EXERCISE DIRECTIONS - Below are the entries to work from; restate word for word the portion that opens with the line containing "Etap Hotel St Gratien Enghien-les-Bains" and closes with the line containing "Arctic Zone Titan", keeping both.

STORED DATA -
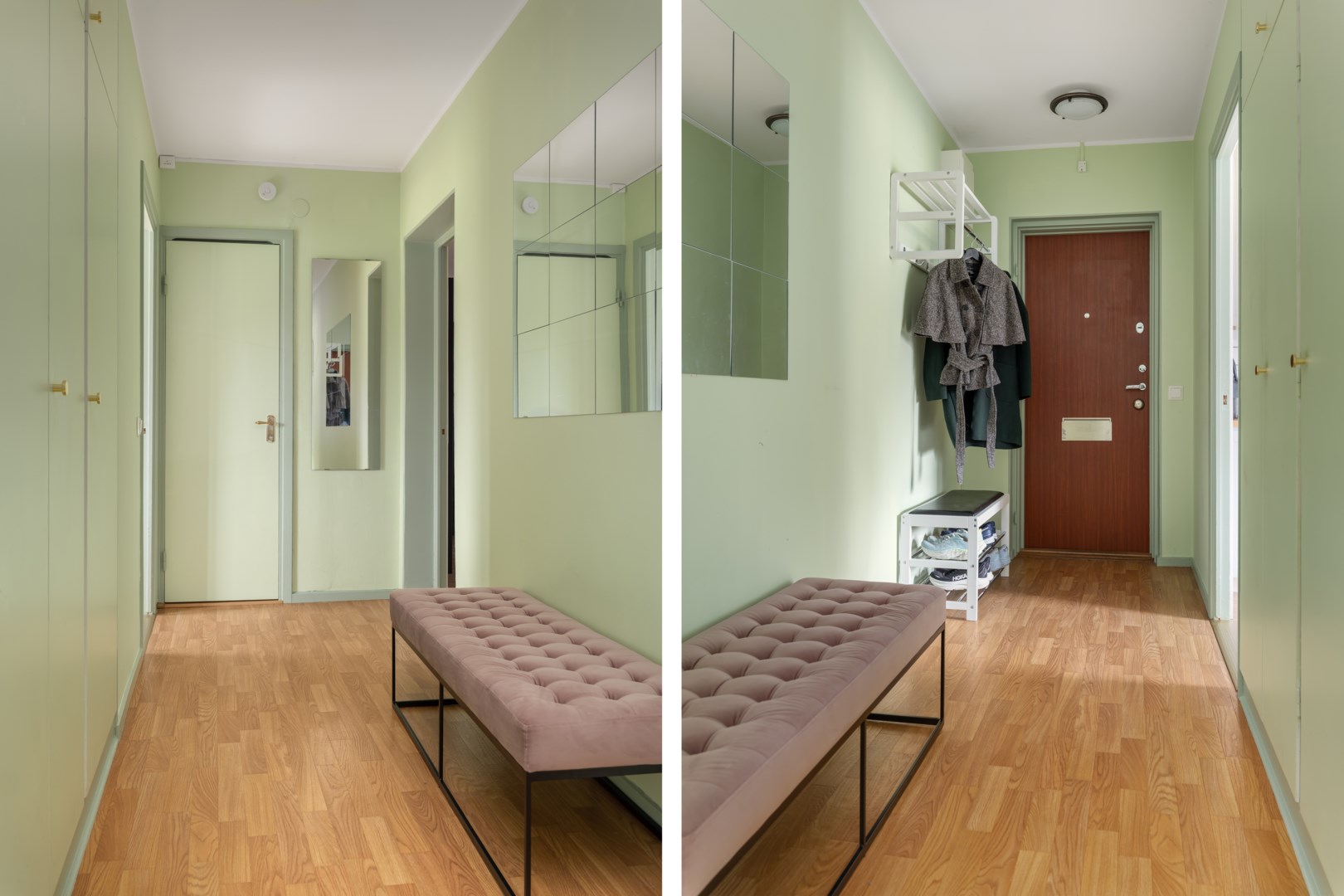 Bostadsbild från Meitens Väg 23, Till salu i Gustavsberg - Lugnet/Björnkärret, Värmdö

* * *

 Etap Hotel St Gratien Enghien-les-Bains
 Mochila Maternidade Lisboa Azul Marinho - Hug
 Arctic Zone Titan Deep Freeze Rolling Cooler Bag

SOLUTION BELOW -
 Etap Hotel St Gratien Enghien-les-Bains
 Mochila Maternidade Lisboa Azul Marinho - Hug
 Arctic Zone Titan Deep Freeze Rolling Cooler Bag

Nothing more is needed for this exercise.